Overview:

Compare the exponential distribution in R to the central limit theorem.the standard deviation is also \(\frac{1}{\lambda}\) and the mean of the Exponential distribution is \(\frac{1}{\lambda}\). This project will focus on the difference between the distribution of a large collection of random exponentials and the distribution of a large collection of averages of 40 exponentials.

Simulations:

Simulate the exponential distribution in R with rexp(n, lambda), where lambda is the rate parameter and n is the number of observations.lambda = 0.2.
First we load the ggplot2 plotting library.

library(ggplot2)

Initialize the simulation controlling variables.

noSim <- 1000
sampSize <- 40
lambda <- 0.2

Set seed of Random Number Generator, so analysis is reproducible.

set.seed(3)

Create a matrix with thousand rows to 1000 simulations and 40 columns to each of 40 random simulations.

simulationMatrix <- matrix(rexp(n = noSim * sampSize, rate = lambda), noSim, sampSize)

Create vector of 1000 rows containing the mean of each row of the simulationMatrix.

simulationMean <- rowMeans(simulationMatrix)

Create data frame containing the whole data.

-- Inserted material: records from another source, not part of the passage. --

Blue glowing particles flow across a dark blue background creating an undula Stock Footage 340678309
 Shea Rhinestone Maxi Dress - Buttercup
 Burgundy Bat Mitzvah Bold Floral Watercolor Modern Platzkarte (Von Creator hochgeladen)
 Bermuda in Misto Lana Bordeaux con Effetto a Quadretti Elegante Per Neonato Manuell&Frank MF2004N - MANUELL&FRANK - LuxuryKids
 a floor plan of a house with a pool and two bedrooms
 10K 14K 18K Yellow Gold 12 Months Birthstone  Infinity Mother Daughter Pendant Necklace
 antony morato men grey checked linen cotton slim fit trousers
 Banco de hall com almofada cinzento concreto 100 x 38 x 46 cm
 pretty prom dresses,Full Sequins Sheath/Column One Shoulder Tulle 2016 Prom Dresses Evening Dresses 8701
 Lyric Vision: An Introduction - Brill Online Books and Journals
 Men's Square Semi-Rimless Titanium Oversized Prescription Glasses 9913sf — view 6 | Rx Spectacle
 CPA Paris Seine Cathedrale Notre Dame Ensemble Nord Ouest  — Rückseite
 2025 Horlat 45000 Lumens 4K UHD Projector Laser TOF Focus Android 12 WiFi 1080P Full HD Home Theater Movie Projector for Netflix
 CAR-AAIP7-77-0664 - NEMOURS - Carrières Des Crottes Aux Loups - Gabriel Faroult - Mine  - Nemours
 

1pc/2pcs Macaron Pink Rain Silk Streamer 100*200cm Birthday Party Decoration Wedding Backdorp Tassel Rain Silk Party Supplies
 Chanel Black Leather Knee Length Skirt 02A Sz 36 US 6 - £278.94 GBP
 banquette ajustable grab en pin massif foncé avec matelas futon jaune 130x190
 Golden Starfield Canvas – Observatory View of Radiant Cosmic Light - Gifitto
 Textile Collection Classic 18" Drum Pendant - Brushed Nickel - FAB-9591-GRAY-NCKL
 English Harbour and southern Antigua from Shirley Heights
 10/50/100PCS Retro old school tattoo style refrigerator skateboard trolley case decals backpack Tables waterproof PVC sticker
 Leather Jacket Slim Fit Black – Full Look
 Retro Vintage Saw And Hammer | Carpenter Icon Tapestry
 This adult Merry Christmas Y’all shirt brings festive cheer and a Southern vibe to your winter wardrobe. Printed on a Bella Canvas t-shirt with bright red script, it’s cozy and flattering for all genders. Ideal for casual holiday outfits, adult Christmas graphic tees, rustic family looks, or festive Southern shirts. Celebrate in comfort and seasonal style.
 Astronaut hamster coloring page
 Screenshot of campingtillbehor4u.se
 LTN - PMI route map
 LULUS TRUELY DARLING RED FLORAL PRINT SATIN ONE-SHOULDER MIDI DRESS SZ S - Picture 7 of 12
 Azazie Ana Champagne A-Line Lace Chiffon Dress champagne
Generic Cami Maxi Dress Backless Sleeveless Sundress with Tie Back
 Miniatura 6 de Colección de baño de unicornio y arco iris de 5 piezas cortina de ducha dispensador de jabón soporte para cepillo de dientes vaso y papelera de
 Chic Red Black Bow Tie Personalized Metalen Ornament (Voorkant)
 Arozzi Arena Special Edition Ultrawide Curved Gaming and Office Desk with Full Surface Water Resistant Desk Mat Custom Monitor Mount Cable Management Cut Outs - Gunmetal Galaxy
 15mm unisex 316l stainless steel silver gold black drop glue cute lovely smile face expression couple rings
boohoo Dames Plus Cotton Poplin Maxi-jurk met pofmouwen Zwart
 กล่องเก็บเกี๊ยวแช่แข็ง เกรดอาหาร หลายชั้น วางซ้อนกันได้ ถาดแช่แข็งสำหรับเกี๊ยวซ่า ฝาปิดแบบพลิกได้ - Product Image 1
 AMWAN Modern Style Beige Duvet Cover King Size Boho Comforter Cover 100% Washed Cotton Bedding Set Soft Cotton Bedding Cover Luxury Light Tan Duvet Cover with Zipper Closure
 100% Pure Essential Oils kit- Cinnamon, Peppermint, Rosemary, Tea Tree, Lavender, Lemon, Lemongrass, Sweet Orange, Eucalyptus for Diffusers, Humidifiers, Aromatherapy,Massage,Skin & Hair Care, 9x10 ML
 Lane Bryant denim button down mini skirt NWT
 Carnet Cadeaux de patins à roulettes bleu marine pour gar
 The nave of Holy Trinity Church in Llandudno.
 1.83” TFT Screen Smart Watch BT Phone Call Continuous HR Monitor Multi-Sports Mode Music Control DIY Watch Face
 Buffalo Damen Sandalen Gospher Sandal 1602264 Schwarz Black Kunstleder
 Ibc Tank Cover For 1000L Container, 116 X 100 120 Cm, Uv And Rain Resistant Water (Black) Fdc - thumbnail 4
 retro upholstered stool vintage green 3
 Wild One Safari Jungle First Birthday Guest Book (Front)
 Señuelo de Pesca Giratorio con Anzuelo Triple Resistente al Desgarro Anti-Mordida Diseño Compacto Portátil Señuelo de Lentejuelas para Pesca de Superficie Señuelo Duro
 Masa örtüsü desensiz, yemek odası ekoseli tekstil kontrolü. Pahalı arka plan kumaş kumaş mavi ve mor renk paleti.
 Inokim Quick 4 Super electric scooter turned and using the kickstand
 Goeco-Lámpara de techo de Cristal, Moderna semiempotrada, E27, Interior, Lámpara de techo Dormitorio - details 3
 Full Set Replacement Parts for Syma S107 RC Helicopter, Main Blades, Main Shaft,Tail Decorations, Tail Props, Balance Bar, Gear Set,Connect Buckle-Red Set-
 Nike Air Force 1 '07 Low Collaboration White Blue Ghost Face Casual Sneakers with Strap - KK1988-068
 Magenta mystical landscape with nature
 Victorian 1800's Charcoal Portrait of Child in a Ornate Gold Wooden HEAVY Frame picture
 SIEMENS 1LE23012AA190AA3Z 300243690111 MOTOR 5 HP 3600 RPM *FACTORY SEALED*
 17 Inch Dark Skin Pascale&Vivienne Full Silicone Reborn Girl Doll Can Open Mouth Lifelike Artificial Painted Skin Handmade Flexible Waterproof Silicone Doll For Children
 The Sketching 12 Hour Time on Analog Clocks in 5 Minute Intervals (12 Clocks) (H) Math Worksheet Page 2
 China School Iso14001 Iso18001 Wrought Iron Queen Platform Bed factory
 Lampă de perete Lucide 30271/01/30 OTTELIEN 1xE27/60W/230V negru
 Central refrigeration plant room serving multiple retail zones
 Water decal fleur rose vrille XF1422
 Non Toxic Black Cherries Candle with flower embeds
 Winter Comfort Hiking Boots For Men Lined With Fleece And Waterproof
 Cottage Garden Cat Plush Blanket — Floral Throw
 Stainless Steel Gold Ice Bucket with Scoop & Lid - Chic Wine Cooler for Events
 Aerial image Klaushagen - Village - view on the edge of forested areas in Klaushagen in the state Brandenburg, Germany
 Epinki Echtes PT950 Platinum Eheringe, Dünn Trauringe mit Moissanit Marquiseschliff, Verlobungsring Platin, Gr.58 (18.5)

simulationData <- data.frame(cbind(simulationMatrix, simulationMean))

Plot the simulation data.

ggplot(data = simulationData, aes(simulationData$simulationMean)) + 
  geom_histogram(breaks = seq(2, 9, by = 0.2), col = "blue", aes(fill = ..count..)) + 
  labs(title = "Histogram of Mean Distribution", x = "Simulation Means", y = "Frequency") + 
  geom_vline(aes(xintercept=mean(simulationData$simulationMean)), color="red", 
             linetype="dashed", size=1)

Sample Mean Versus Theoretical Mean:

The actual mean of the simulated mean sample data is 4.9866197, calculated by:

actualMean <- mean(simulationMean)

Theoretical mean = 5:

theoreticalMean <- (1 / lambda)

Simulated mean sample data is similar to the theoretical mean of original data distribution.

Sample Variance Versus Theoretical Variance:

Actual variance of the simulated mean sample data is 0.6257575, calculated by:

actualVariance <- var(simulationMean)

Theoretical variance = 0.625:

theoreticalVariance <- ((1 / lambda) ^ 2) / sampSize

hence the actual variance of the simulated mean sample data is similar to the theoretical variance of original data distribution.

Distribution:

To tell that the distribution is approximately normal, create approximate normal distribution and study how the sample data alligns with it. Then compare 05% confidence intervals of the simulated mean sample data and the theoretical normally distributed data and plot for the qunatiles.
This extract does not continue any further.